C & C++ do not explicitly mention threads or atomic operations - so operations that look like they could or should be atomic - are not guaranteed by the language specification to be atomic.
It would admittedly be a pretty deviant compiler that managed a non atomic read on an int: If you have an operation that reads a value - theres probably no need to guard it. However- it might be non atomic if it spans a machine word boundary.
Operations as simple as m_counter++ involves a fetch, increment, and store operation - a race condition: another thread can change the value after the fetch but before the store - and hence needs to be protected by a mutex - OR find your compilers support for interlocked operations. MSVC has functions like _InterlockedIncrement() that will safely increment a memory location as long as all other writes are similarly using interlocked apis to update the memory location - which is orders of magnitude more lightweight than invoking a even a critical section.
GCC has intrinsic functions like __sync_add_and_fetch which also can be used to perform interlocked operations on machine word values.
If you're on a machine with more than one core, you need to do things properly even though writes of an integer are atomic. The issues are two-fold:
You need to stop the compiler from optimizing out the actual write! (Somewhat important this. ;-))
You need memory barriers (not things modeled in C) to make sure the other cores take notice of the fact that you've changed things. Otherwise you'll be tangled up in caches between all the processors and other dirty details like that.
If it was just the first thing, you'd be OK with marking the variable volatile, but the second is really the killer and you will only really see the difference on a multicore machine. Which happens to be an architecture that is becoming far more common than it used to be… Oops! Time to stop being sloppy; use the correct mutex (or synchronization or whatever) code for your platform and all the details of how to make memory work like you believe it to will go away.
In 99.99% of the cases, you must lock, even if it's access to seemingly atomic variables. Since C++ compiler is not aware of multi-threading on the language level, it can do a lot of non-trivial reorderings.
Case in point: I was bitten by a spin lock implementation where unlock is simply assigning zero to a volatile integer variable. The compiler was reordering unlock operation before the actual operation under the lock, unsurprisingly, leading to mysterious crashes.
See:
Lock-Free Code: A False Sense of Security
Threads Cannot be Implemented as a Library
There's no support for atomic variables in C++, so you do need locking. Without locking you can only speculate about what exact instructions will be used for data manipulation and whether those instructions will guarantee atomic access - that's not how you develop reliable software.
Yes it would be better to use synchronization. Any data accessed by multiple threads must be synchronized.
If it is windows platform you can also check here :Interlocked Variable Access.
Multithreading is hard and complex. The number of hard to diagnose problems that can come around is quite big. In particular, on intel architectures reads and writes from aligned 32bit integers is guaranteed to be atomic in the processor, but that does not mean that it is safe to do so in multithreaded environments.
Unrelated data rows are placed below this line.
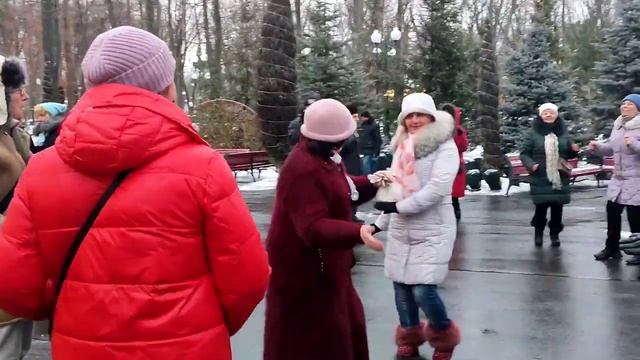 СЕГОДНЯ НОЧЬЮ ТЫ ЕЁ КОРОЛЬ!???/ТАНЦЫ В ПАРКЕ ГОРЬКОГО ХАРЬКОВ ЯНВАРЬ 2022 смотреть онлайн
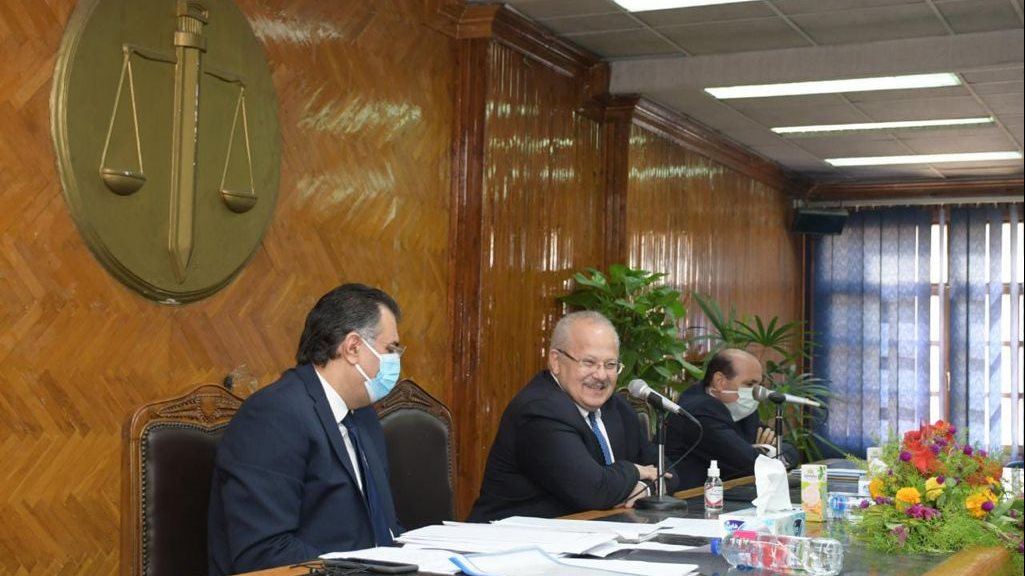 رئيس جامعة القاهرة 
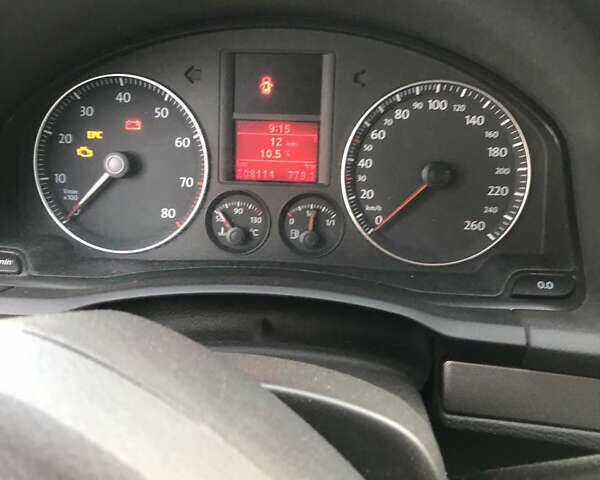 Зеленый Фольксваген Гольф, объемом двигателя 1.6 л и пробегом 205 тыс. км за 5300 $, фото 1 на Automoto.ua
Without proper guards, the compiler and/or the processor can reorder the instructions in your block of code. It can cache variables in registers and they will not be visible in other threads...
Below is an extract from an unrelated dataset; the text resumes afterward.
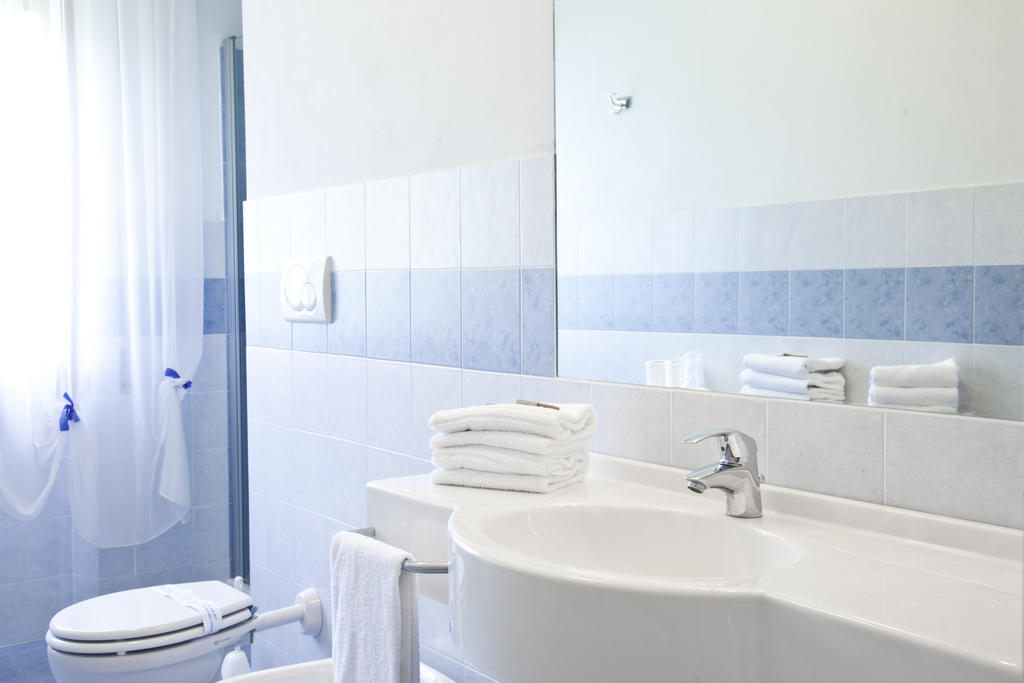 Hotel Grappolo D'Oro Pietrasanta Habitación foto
Locking is expensive, and there are different implementations of lock-less data structures to optimize for high performance, but it is hard to do it correctly. And the problem is a that concurrency bugs are usually obscure and difficult to debug.
Yes. If you are on Windows you can take a look at Interlocked functions/variables and if you are of the Boost persuasion then you can look at their implementation of atomic variables.
If boost is too heavyweight putting "atomic c++" into your favourite search engine will give you plenty of food for thought.